Although the entries contain pictures, repeat only their words, exactly as written.

- _Crawled caption data_:
○ ○ ○ ○
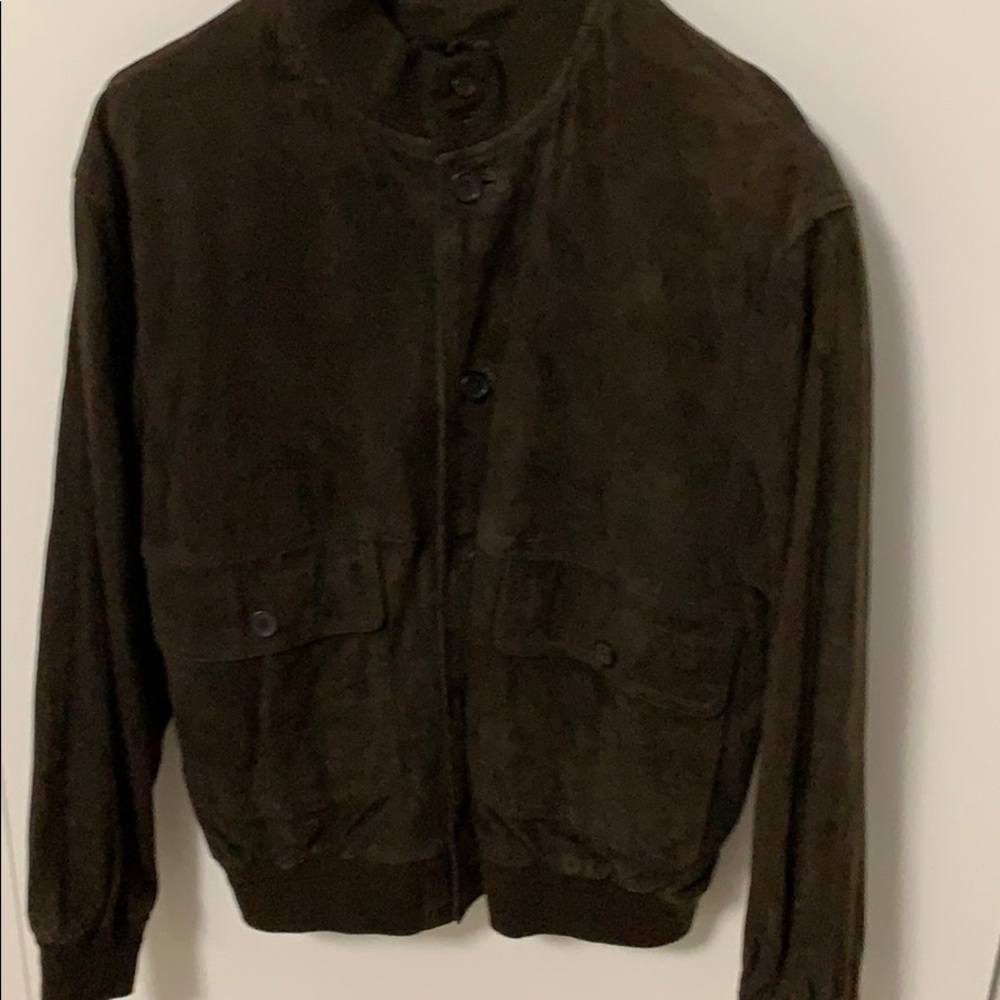 Suede jacket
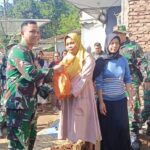 Tak Sekadar Bangun Desa, TMMD ke-128 Hadir dari Pintu ke Pintu Menyentuh Hati Warga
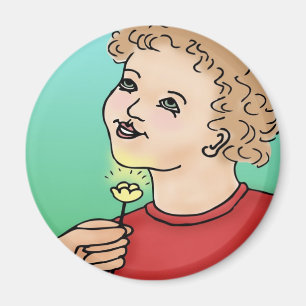 Aimant Aimez-vous le beurre, la tasse à beurre ?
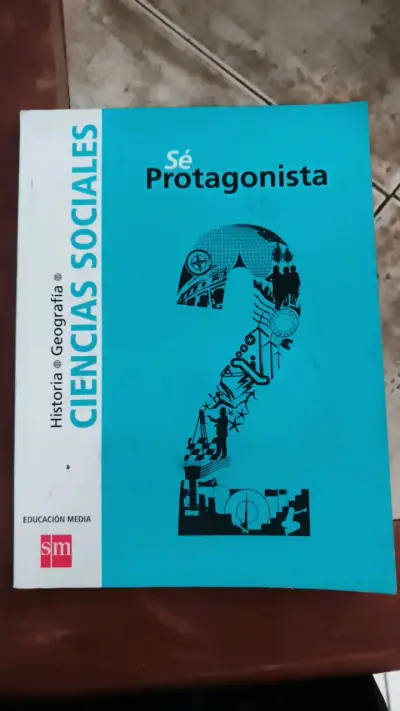 Libro de Ciencias Sociales Sé Protagonista 2 - miniatura 1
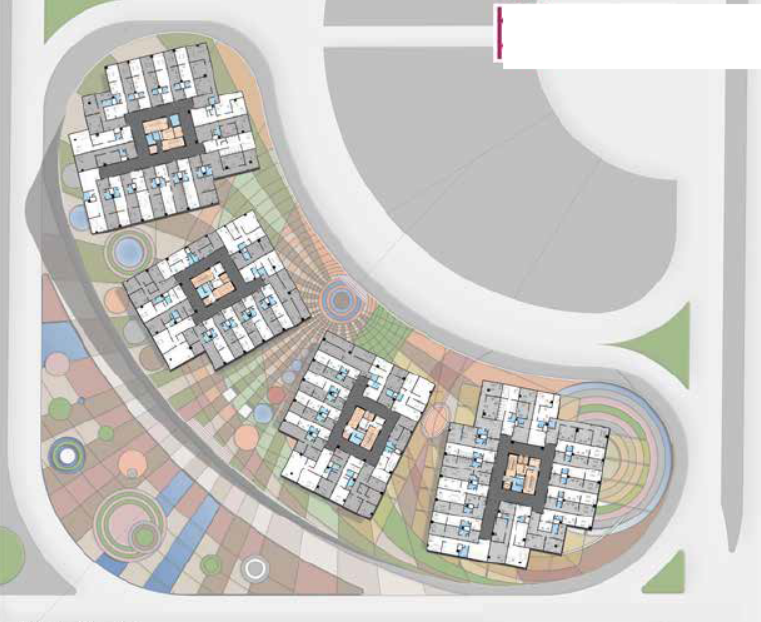 Kazan Plaza master plan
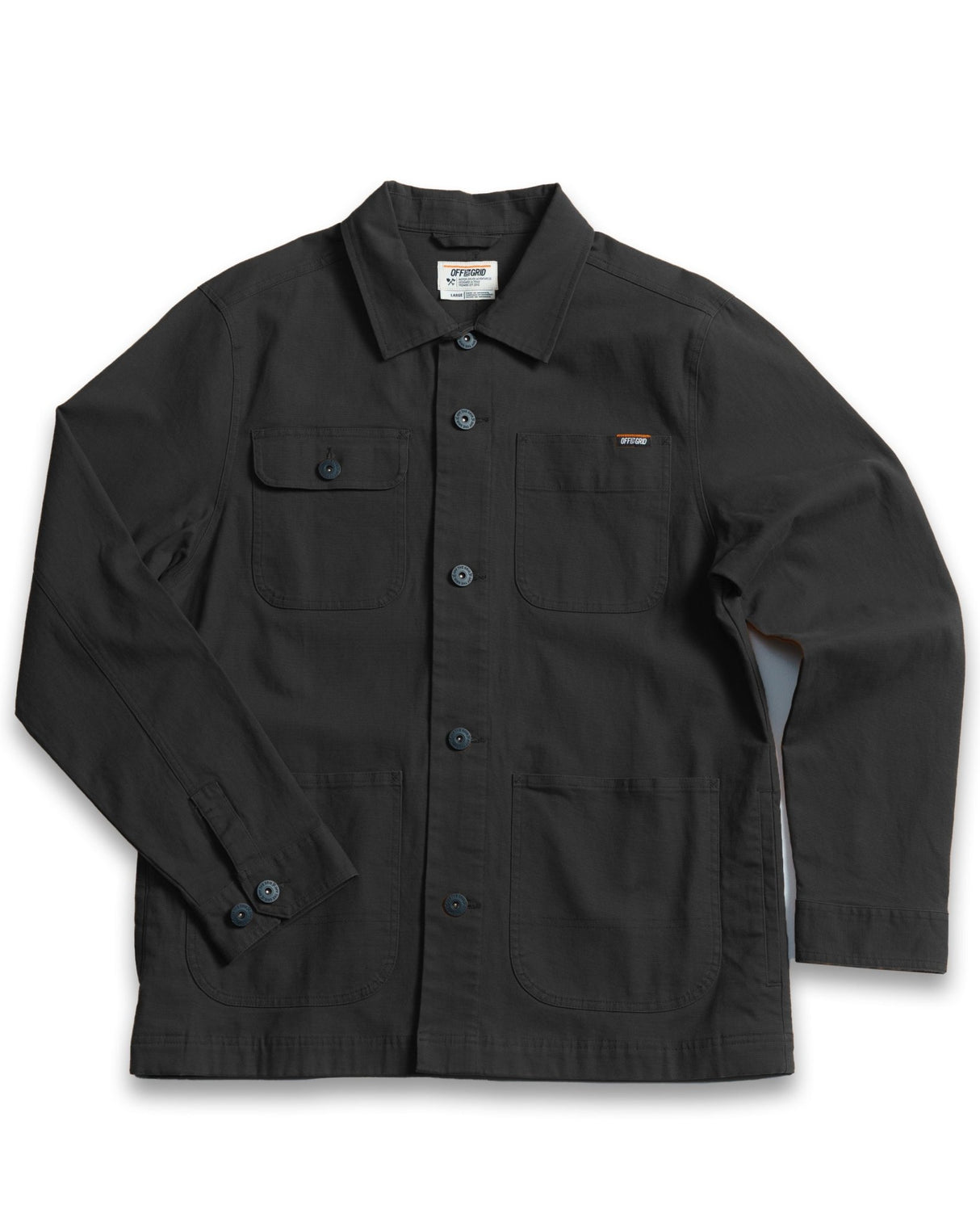 Heston Chore Coat - Black - Xtrusion Overland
○ ○ ○ ○
- _Finished exercise_:
 Suede jacket
 Tak Sekadar Bangun Desa, TMMD ke-128 Hadir dari Pintu ke Pintu Menyentuh Hati Warga
 Aimant Aimez-vous le beurre, la tasse à beurre ?
 Libro de Ciencias Sociales Sé Protagonista 2 - miniatura 1
 Kazan Plaza master plan
 Heston Chore Coat - Black - Xtrusion Overland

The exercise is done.